Problem description: In the listing below, look for "with" and copy every line that has it.
**** Supplied material ****
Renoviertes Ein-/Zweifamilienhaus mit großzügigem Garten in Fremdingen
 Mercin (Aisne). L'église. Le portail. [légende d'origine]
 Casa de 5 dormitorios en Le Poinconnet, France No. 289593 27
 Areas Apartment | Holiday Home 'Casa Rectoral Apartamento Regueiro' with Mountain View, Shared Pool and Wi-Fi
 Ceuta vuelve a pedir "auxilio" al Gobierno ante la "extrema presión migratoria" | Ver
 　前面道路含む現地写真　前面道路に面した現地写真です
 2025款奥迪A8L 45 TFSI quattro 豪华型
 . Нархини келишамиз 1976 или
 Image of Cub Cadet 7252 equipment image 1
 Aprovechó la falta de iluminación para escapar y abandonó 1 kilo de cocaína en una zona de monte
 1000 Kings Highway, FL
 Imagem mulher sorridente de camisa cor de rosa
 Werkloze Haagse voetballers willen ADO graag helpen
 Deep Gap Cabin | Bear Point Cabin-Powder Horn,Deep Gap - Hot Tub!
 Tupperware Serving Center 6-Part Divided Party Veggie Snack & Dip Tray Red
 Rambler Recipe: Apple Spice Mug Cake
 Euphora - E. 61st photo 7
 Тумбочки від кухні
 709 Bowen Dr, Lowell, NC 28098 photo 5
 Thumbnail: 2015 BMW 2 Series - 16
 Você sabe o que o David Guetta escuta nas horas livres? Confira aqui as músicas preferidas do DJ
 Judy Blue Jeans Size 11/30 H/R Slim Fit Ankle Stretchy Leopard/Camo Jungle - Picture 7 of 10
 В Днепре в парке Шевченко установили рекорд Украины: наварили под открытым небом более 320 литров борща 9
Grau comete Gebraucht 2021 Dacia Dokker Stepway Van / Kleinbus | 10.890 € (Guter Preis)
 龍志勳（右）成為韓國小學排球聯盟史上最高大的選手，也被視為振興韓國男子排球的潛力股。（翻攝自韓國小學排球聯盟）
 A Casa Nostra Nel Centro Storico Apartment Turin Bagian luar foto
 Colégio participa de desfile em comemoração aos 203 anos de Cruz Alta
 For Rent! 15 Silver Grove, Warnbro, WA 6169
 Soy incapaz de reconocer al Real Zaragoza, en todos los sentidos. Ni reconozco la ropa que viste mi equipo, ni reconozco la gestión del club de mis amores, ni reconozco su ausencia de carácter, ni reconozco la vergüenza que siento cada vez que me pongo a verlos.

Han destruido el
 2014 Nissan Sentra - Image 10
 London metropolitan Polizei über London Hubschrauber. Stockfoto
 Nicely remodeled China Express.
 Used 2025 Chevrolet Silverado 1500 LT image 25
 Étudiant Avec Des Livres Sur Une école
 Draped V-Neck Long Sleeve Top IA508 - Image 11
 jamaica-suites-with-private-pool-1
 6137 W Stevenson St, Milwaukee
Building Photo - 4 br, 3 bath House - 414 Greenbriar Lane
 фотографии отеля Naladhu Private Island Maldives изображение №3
****
Exercise response:
 Areas Apartment | Holiday Home 'Casa Rectoral Apartamento Regueiro' with Mountain View, Shared Pool and Wi-Fi
 jamaica-suites-with-private-pool-1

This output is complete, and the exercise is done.